Tuesday, September 21, 2010

S&P at Critical Gann and Fibonacci Level: Entering Powerful Energy Date Period.

On Thursday September 9th Gold, the USDX and the S&P all closed at a time-price harmonic which could have been the juncture for a top to be formed. However, a caveat was mentioned as follows:
...when trading a caveat is extremely important in determining trade strategy and position management.
If the 1110 area is not sufficient resistance to extinguish the recent market rally, the S&P could advance further to the 1130-1141 level. This would probably occur between now and the POWERFUL September 21-23 Energy Date period.

We are now at the above mentioned time window and the S&P closed at 1139.78 while spending a portion of the day above the critical 1141 before reversing. Once again time-price harmony has been reached in the S&P--but--this time the market is at a level where the RSI is flirting with 70 (overbought) and the S&P has retraced 61.8% of the April 26th-July 01 decline. The exact 61.8% level is 1140. This is particularly interesting since the 270 degree Gann Square level from the Aug 24th low is at 1140.04. Even Mr Bernanke and his crew of clowns could not manage to get the S&P to close above this harmonic level.
Possible Scenarios
  • The market rolls over here at the anticipated Energy Date and resume the decline that commenced on April 26th--today or tomorrow being the top of a 2 wave and the onset of a 3 wave to the downside. A close below the magical 1107 level would significantly validate this scenario. A close below 1128 would be a weaker--but an important clue that a pivot of some significance is being made.
  • The market could continue its incredible rally. A close above the 1141 level would be a strong indication that this scenario may occur. If this scenario were to unfold the next time-price resonance would likely happen near 1175 on or about September 29-30th. I think that this is the less likely case.
The Next Gann-Fibonacci Point is 1175: 360 degrees from 1041 low and a 78.6% retracement of the APRIL-July range.

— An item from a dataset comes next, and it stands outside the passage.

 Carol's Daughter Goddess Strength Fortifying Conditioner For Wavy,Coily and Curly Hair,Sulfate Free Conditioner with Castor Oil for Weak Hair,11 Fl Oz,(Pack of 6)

A few weeks ago the financial press went 'Gaga' over the 'Hindenburg Omen'--it saturated the press to the point that even mutual fund dealers took notice. Market veterans know that when the news media grab hold of a story or fad, it usually proves to be a dude or non event--or better yet--misinterpreted by the general public. This is not to say that the Hindenburg Omen wont come to pass sometime in the near future--but this rally has extinguished the obsession the 'street' has had with it. (October 5-8th)
Another market indicator that has caught the eye of the talking heads on the financial news networks is the possibility of a DOW THEORY buy signal. This is an indicator that has significant credibility and should not be dismissed--but it has to HAPPEN before any prognostication about the future of the Dow can be made using the theory. The chart below shows the Dow Transports and Industrials: The transport have failed to confirm the Industrials rally to new highs--BUT ARE MIGHTY CLOSE TO DOING SO. Monitor the Transport closely.

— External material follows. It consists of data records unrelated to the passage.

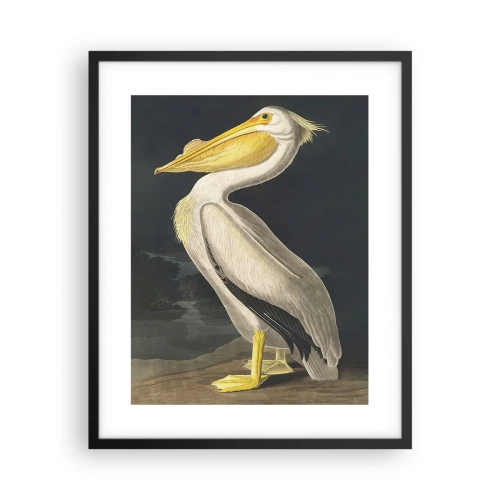 Affisch i svart ram - Full av stolthet - 40x50 cm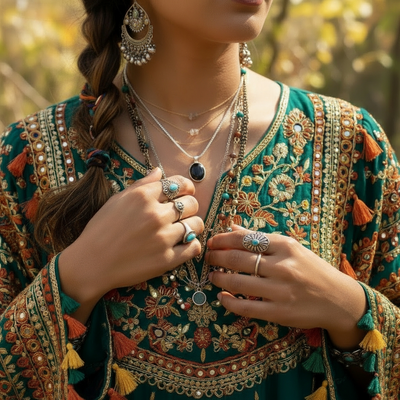 Z ARRON DESIGN Serenity Mondstein Kupferdraht-Anhänger-Halskette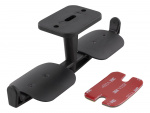 DELTACO GAMING Headset hanger for two headsets, ABS plastic, 3M, black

On August 30th I mentioned the possibility of a reverse head and shoulders being formed but being that it was being obscured by the media's obsession with the larger conventional head and shoulders calling for a top in the market if Biblical proportions. The chart below also shows this potential pattern. Once again--this should be watched closely.

Obviously, the market is at a critical juncture coincident with a VERY powerful time period for the markets. The next few days are going to be fascinating to watch unfold.

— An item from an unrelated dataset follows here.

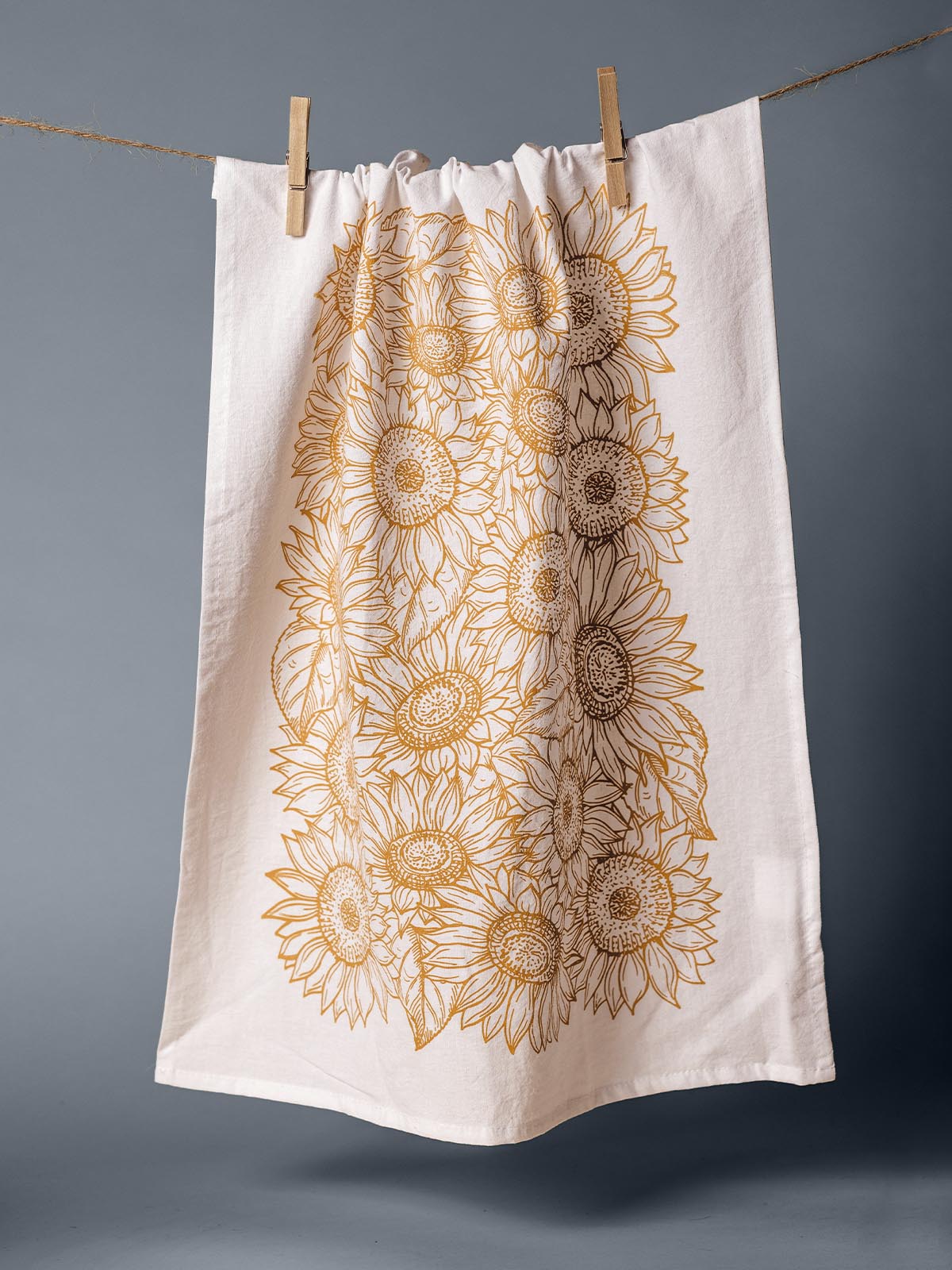 Watercolor Tea Towel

Gold languished during most of the day and was appearing to look like it was starting to head south--even though it was not in an area where it was harmonic with either Gann Squares or Fibonacci ratios. The late day rally brought the metal back to life and is possibly setting things up for a time-price resonance later in the week at $1296 or possibly $1320. If the price were to touch 1296 or 1320 between now and Monday September 26th, a time-price harmonic would be set up for a possible pivot.

U.S. Dollar Index.

The USDX fell out of bed when gold came alive. Although the risk reward looked attractive last week, the market action spoke and erased the potential time-price set-up. This market will continue to be monitored.

U.S. T-Bonds
I have not said much about US T-Bonds since last week. 128.50 still looks like a target for prices.

Analysis on the USDX and T-Bonds will be done next week when things have quieted down around here.


Anonymous said...

U can't be serious about this shit. Get real. For your own good.

Anonymous said...

excellent work as always. I don't think we'll reach 1171 by friday though

Anonymous said...

Thank you for your blog. It's very interesting.

Though I do not play US stocks, I find it very useful. I've been studying Gann/astro for 2 years, but it's not easy. One might ask why 360' for spx = 133,06 (1175,06 - 1041) ? What is price/time squaring ?. Looks like I will have to spend more time on your posts.


Fibocycle said...

re: 1171 by Friday...neither do I..ion fact I think yesterday was the high.

re: 'being serious about this shit: you are more than welcome to click yourself out of the site anytime....perhaps you will get more out of listening to the talking heads on the financial media...good luck with that.

re: Gann squares..email me at mysquigglylines@gmail<--dot--)com

Joge said...

Its good to see the market gravitate towards your target. I think 1174 is in the cards for sure.